Tugas dan Peran Direktorat Jenderal Pengembangan Daerah Tertentu dalam Upaya Penanganan Daerah Rawan Pangan

Direktur Jenderal Pengembangan Daerah Tertentu Kementerian Desa PDTT, Dr. Ir. Suprayoga Hadi, MSP. turut hadir dan membuka acara Bimbingan Teknis Pengembangan Daerah Rawan Pangan pada 31 Juli-3 Agustus 2016 di Yogyakarta. Acara Bimtek terselenggara atas kerjasama Kementerian Desa PDTT melalui Ditjen PDT bersama dengan Pusat Kajian Pengembangan Peternakan (Puskapena) UGM. Dalam sesinya Suprayoga Hadi menyampaikan materi mengenai Arah Kebijakan Tahun 2015-2019 Pengembangan Daerah Tertentu, Bidang Pengembangan Daerah Rawan Pangan.

Dr. Ir. Suprayoga Hadi, MSP. memberikan gambaran tugas dan fungsi Direktorat Jenderal Pengembangan Daerah Tertentu (PDT) kepada seluruh peserta Bimtek. Yang dimaksud dengan “Daerah Tertentu” adalah daerah yang memiliki karakteristik khusus seperti daerah rawan pangan, daerah rawan konflik, pulai kecil dan terluar, daerah rawan bencana dan daerah perbatasan. Berdasarkan Perpres No. 12 tahun 2015 tentang Kemendes PDTT bagian ke lima pasal 15, Dirjen PDT mempunyai tugas menyelenggarakan perumusan dan pelaksanaan kebijakan di bidang pengembangan daerah rawan pangan, daerah perbatasan, daerah rawan bencana dan pasca konflik, serta daerah pulau kecil dan terluar sesuai ketentuan peraturan perundang-undangan.
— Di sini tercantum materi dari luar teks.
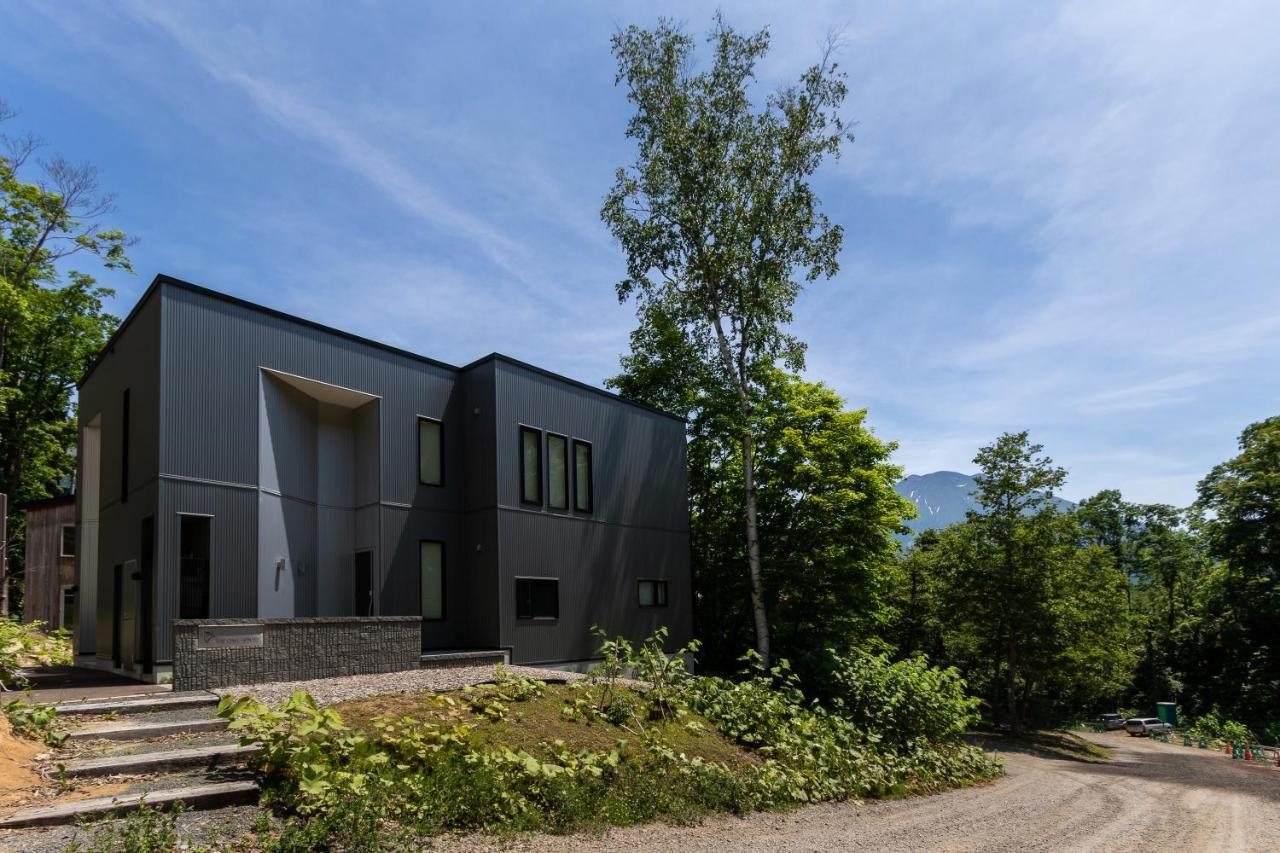 Вілла Owl House Niseko Куття Екстер'єр фото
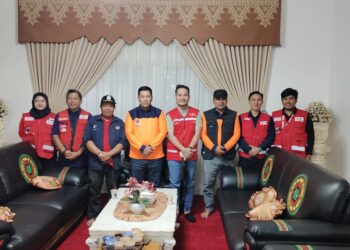 Sinergi PMI DKI Jakarta–Aceh Tengah Perkuat Layanan Kemanusiaan Lintas Daerah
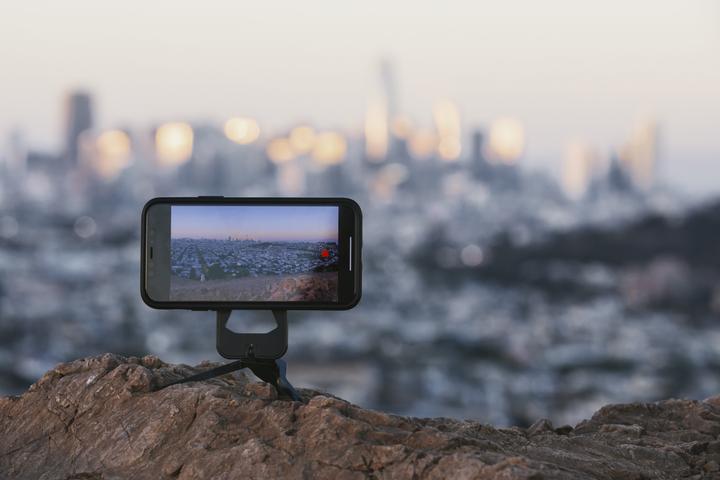 Produktbild Peak Design Tripod (Metall)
Dalam Peraturan Menteri DPDTT No. 6 tahun 2015 tentang Organisasi dan Tata Kerja Kemendes PDTT, Ditjen PDT memiliki 2 tugas yakni pengembangan daerah (perbatasan dan pulau kecil & terluar), serta penanganan daerah (rawan pangan, rawan bencana, rawan konflik). Keseluruhan tugas Ditjen PDT berfokus pada peningkatan derajat kesejahteraan masyarakat untuk mencapai kemandirian daerah, serta meningkatkan derajat ketahanan Pemda dan masyarakat dalam menghadapi kerawanan.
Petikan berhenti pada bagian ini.